Etiologia

Os agentes etiológicos causadores do parasitismo interno dos bovinos estão localizados nos seguintes órgãos:

  • Estômago (Abomaso):
    • Haemonchus contortus
    • Haemonchus placei (77% presentes na região Centro-Oeste)
    • Haemonchus similis (80% presentes na região Norte)
    • Ostertagia ostertagi (inclusive larvas hipobióticas - inibidas)
    • Ostertagia lyrata
    • Trichostrongylus axei
  • Intestino Delgado:
    • Trichostrongylus colubriformis
    • Cooperia oncophora
    • Cooperia punctata
    • Cooperia pectinata
    • Bunostomum phlebotomum
    • Nematodirus filicollis
    • Strongyloides papillosus
    • Neoascaris vitulorum
    • Moniezia benedeni
  • Intestino Grosso:
    • Oesophagostomum radiatum
    • Trichuris spp
  • Pulmões:
    • Dictyocaulus viviparus
  • Fígado:
    • Fasciola hepatica

Nematóides redondos gastrintestinais e pulmonares  

Os nematóides redondos gastrintestinais e pulmonares são parasitos que se alimentam de sangue (hematófagos), fluidos tissulares (restos de tecidos) e de nutrientes fornecidos através dos alimentos.

As lesões causadas pelo parasitismo dos vermes gastrintestinais adultos, podem evoluir para um processo inflamatório agudo/crônico, acompanhado de uma eosinofilia, formação de úlceras e nódulos, podendo interferir na absorção de alimentos, pela destruição que exercem das células produtoras de suco gástrico e outras células no aparelho gastrintestinal dos bovinos.

Uma das mais importantes parasitoses por vermes redondos gastrintestinais é a hemoncose, causada pelo Haemonchus spp.

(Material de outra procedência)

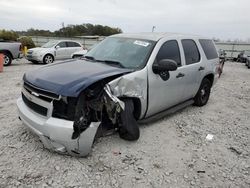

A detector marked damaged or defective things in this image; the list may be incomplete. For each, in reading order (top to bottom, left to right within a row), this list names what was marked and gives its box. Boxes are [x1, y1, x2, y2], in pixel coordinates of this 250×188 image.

crumpled hood [23, 59, 133, 97]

Por serem hematófagos, são parasitos de grande patogenicidade, podendo levar o animal à morte por anemia.

O Trichostrongylus axei é um parasito pequeno porém em infestações maciças pode causar muitos danos no abomaso, onde são encontrados em úlceras na mucosa.

No Brasil vários casos de diarréias causadas por infecções maciças de Trichostrongylus axei já foram relatados em vacas de corte.

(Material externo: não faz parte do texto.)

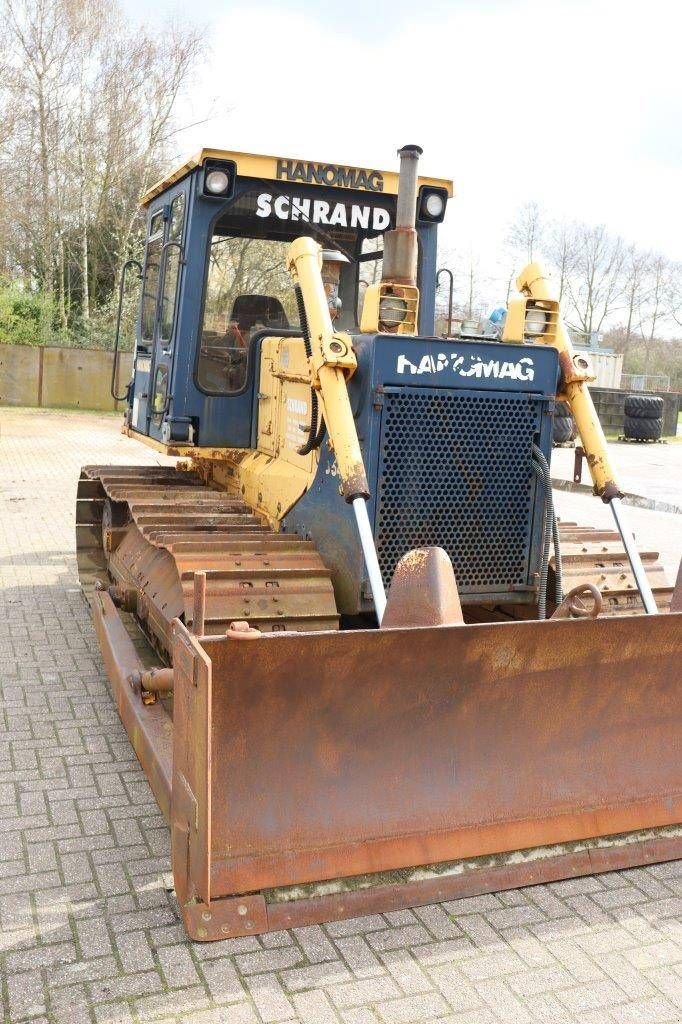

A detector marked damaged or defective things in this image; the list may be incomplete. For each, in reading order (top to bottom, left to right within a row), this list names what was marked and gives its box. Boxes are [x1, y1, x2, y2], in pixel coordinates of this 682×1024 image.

rusty dozer blade [165, 602, 679, 937]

Parasitos do gênero Cooperia spp são muito comuns, porém somente infecções maciças levam à alterações graves, como alteração do quadro hematológico, em que dependendo do nível de infestação levam à perda de 25 a 30% do volume total dos eritrócitos circulantes, principalmente nos animais jovens.

Os animais adultos, por terem uma maior atividade do sistema hematopoiético, podem compensar a perda de sangue, causada pelo parasitismo.

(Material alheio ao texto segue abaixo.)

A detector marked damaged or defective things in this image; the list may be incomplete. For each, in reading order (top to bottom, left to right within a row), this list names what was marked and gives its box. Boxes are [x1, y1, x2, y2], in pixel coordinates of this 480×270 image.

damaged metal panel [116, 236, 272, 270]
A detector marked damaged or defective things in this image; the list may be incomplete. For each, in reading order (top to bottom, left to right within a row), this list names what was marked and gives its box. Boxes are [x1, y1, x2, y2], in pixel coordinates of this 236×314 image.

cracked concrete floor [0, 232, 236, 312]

Presentes no duodeno, produzem um processo inflamatório catarral com exsudato fibro-necrótico, com espessamento da mucosa do intestino.

O gênero Bunostomum tem uma patogenia semelhante à causada pelo Haemonchus spp, causando hemorragias e anemias se presentes em altas infecções. Acredita-se que este gênero comum em regiões quentes, faça a hipobiose.

O Oesophagostomum spp também é um parasito de grande incidência, sendo encontrado em todas as regiões do Brasil.

A sua principal patogenia é causada pela presença de suas larvas na mucosa intestinal, formando grande quantidade de nódulos.

A formação de nódulos na serosa do intestino grosso interferem na absorção de nutrientes, proporcionando uma reação inflamatória contendo pequenos grânulos parasitários, que se transformam em nódulos encapsulados, formados por fibroblastos, contendo no seu interior as larvas do Oesophagostomum spp.

Nas infestações por Strongyloides papillosus, a doença em adultos pode ser assintomática, porém quando acomete bezerros a partir dos 15 dias de idade causa uma enterite de grande gravidade, que se não for tratada nas primeiras semanas, predispõe os animais à infecções secundárias que podem levá-los à morte.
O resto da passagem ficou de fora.